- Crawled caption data
· · · ·

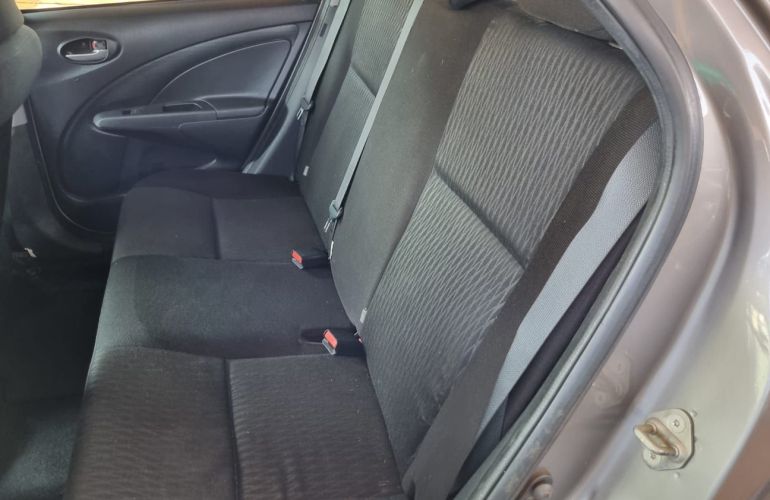 Toyota Etios 1.5 X Sedan 16v - Foto #1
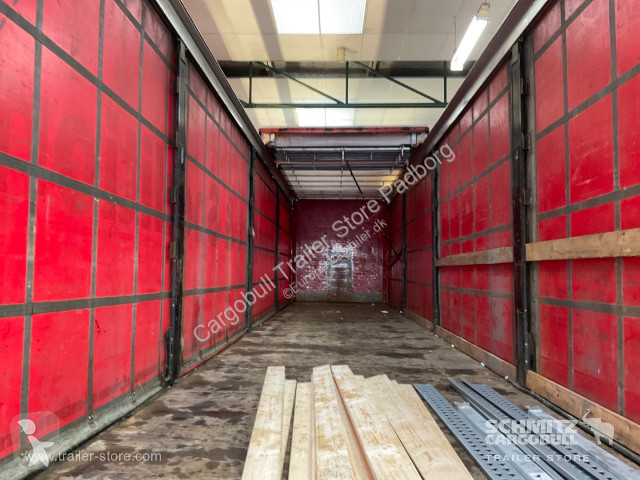 Oplegger  Curtainsider Standard Staplerhalterung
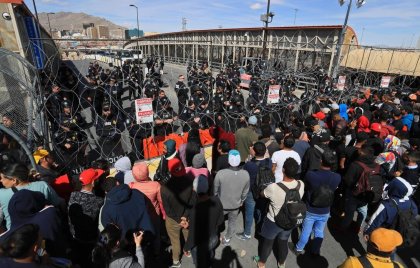 Reprimen en la frontera con México a cientos de migrantes que buscaban ingresar a Estados Unidos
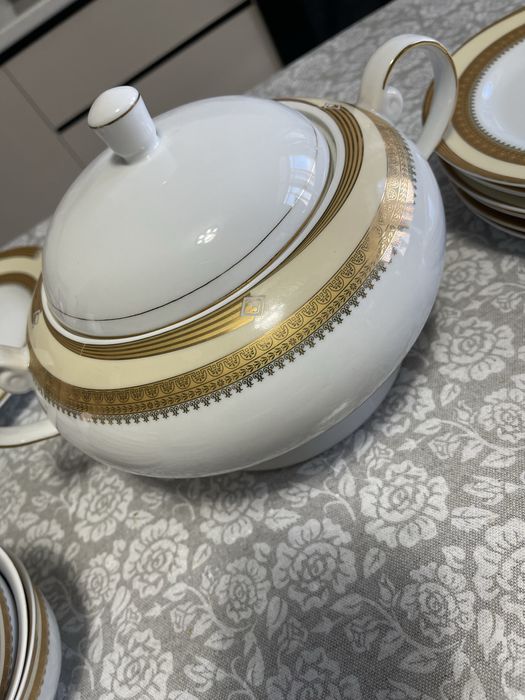 Продам сервиз в хорошем состоянии
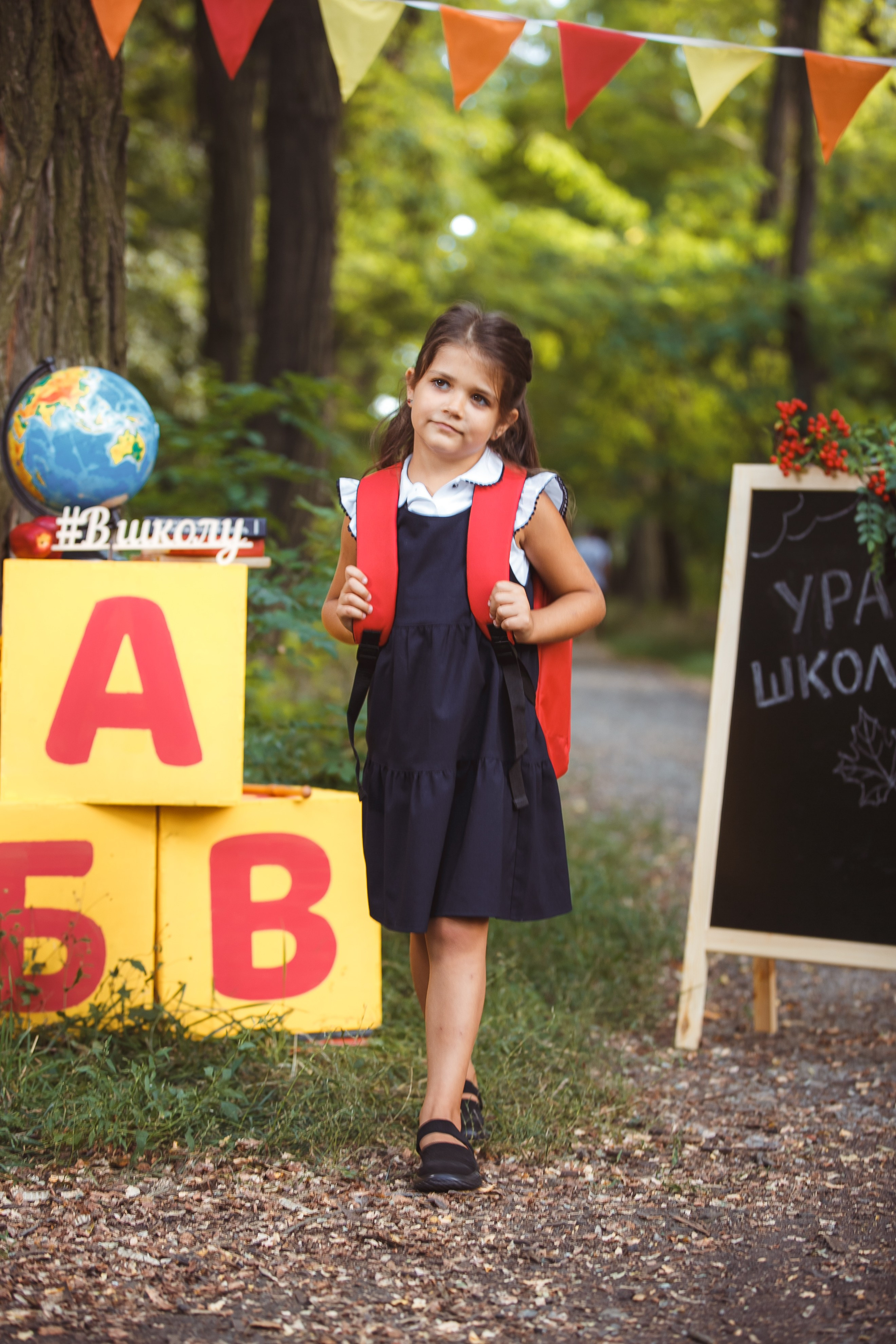 «Здравствуй школа». Выпускные альбомы в Донецке и ДНР. Фотограф Донецк и ДНР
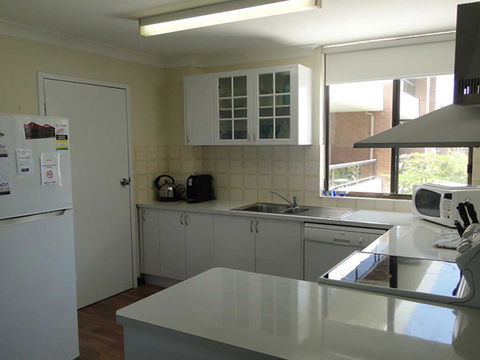 17 'The Commodore' 9-11 Donald Street - Pleasant Unit With Open Plan Living - Tourism Bookings 3
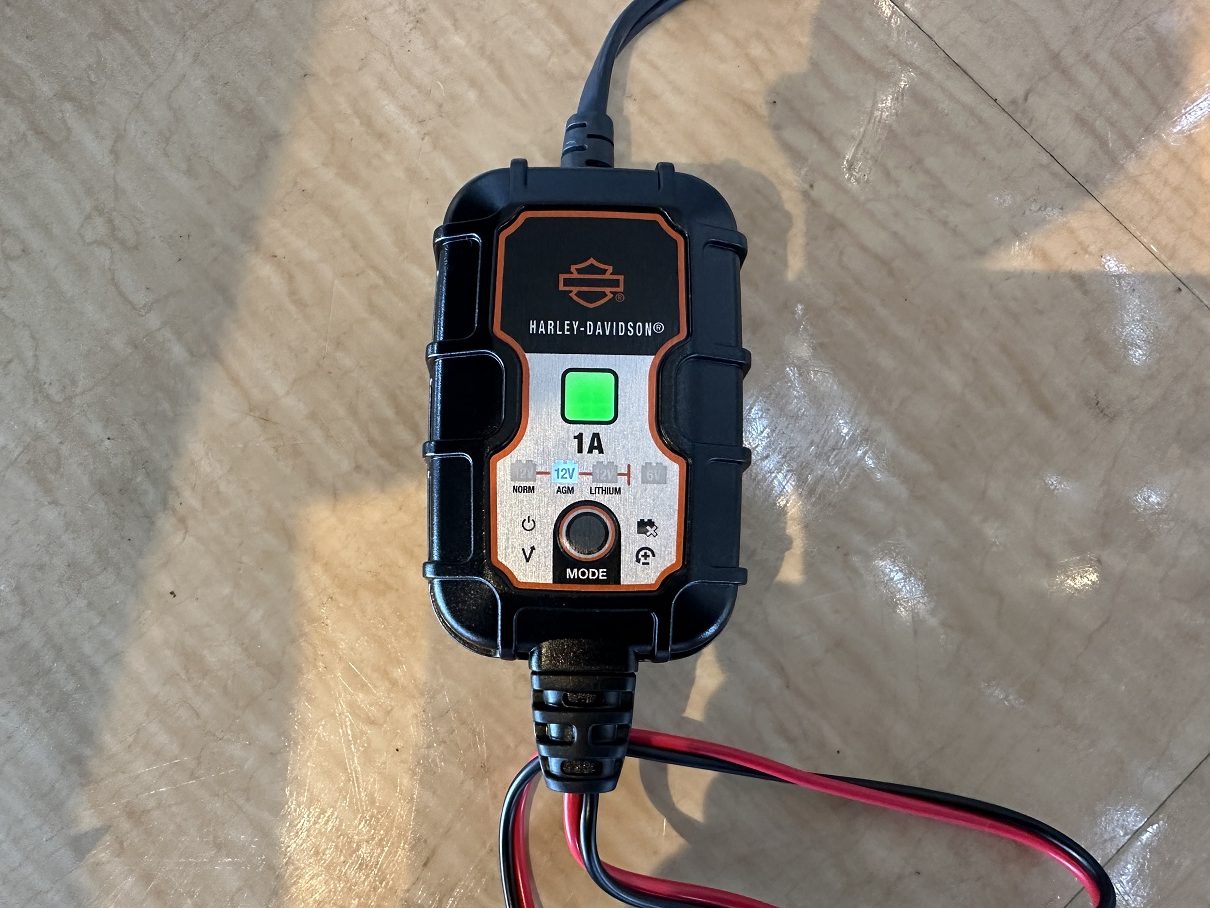 ハーレーに必須なバッテリーチャージャー – ハーレーダビッドソン宮崎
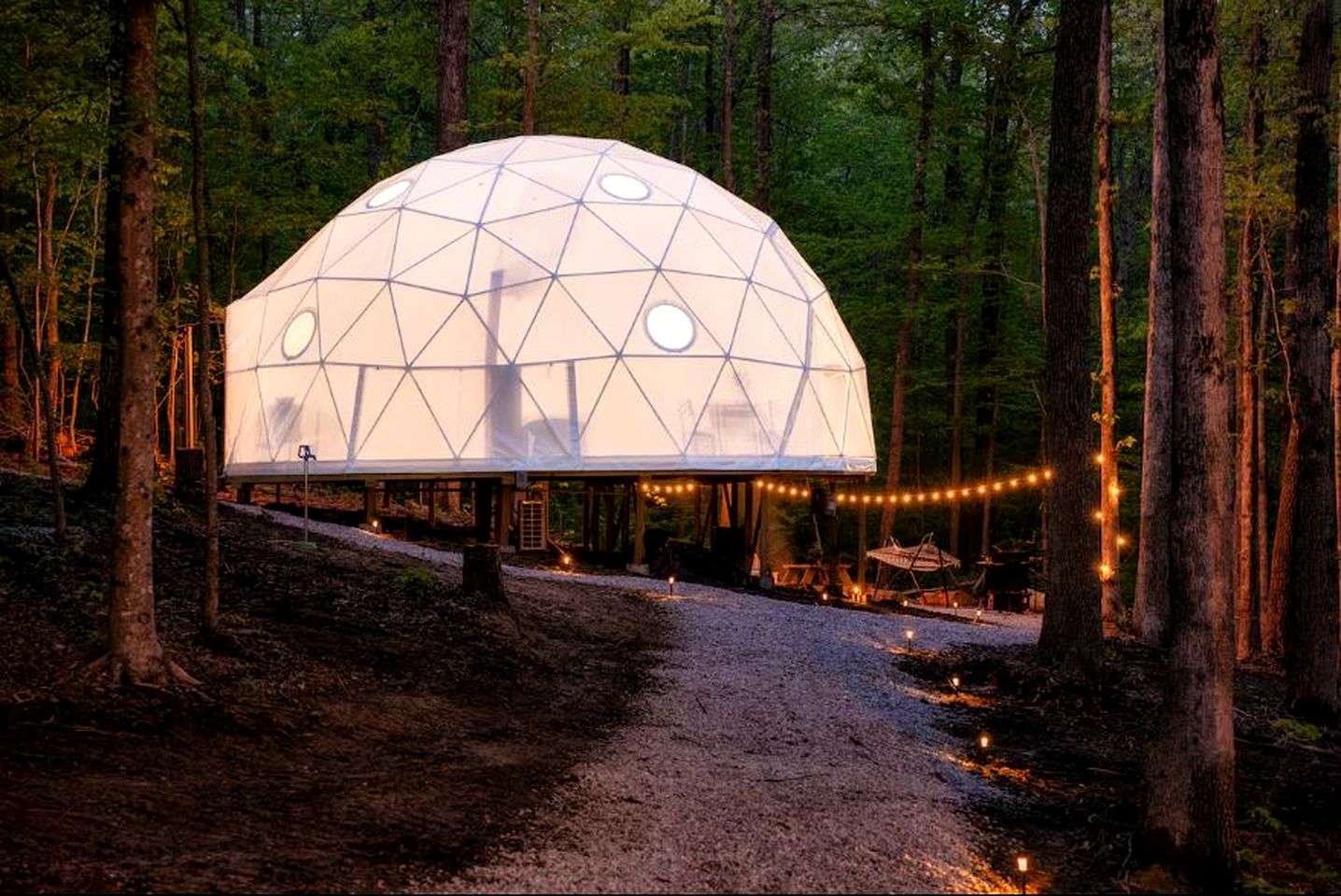 Luxurious Dome Surrounded by Nature for a Unique Romantic Escape near Brimstone and Big South Fork in Tennessee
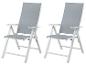 Twee grijze opvouwbare tuinstoelen met witte frames.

· · · ·

Repeat the entries above exactly and skip the images.

 Toyota Etios 1.5 X Sedan 16v - Foto #1
 Oplegger  Curtainsider Standard Staplerhalterung
 Reprimen en la frontera con México a cientos de migrantes que buscaban ingresar a Estados Unidos
 Продам сервиз в хорошем состоянии
 «Здравствуй школа». Выпускные альбомы в Донецке и ДНР. Фотограф Донецк и ДНР
 17 'The Commodore' 9-11 Donald Street - Pleasant Unit With Open Plan Living - Tourism Bookings 3
 ハーレーに必須なバッテリーチャージャー – ハーレーダビッドソン宮崎
 Luxurious Dome Surrounded by Nature for a Unique Romantic Escape near Brimstone and Big South Fork in Tennessee
 Twee grijze opvouwbare tuinstoelen met witte frames.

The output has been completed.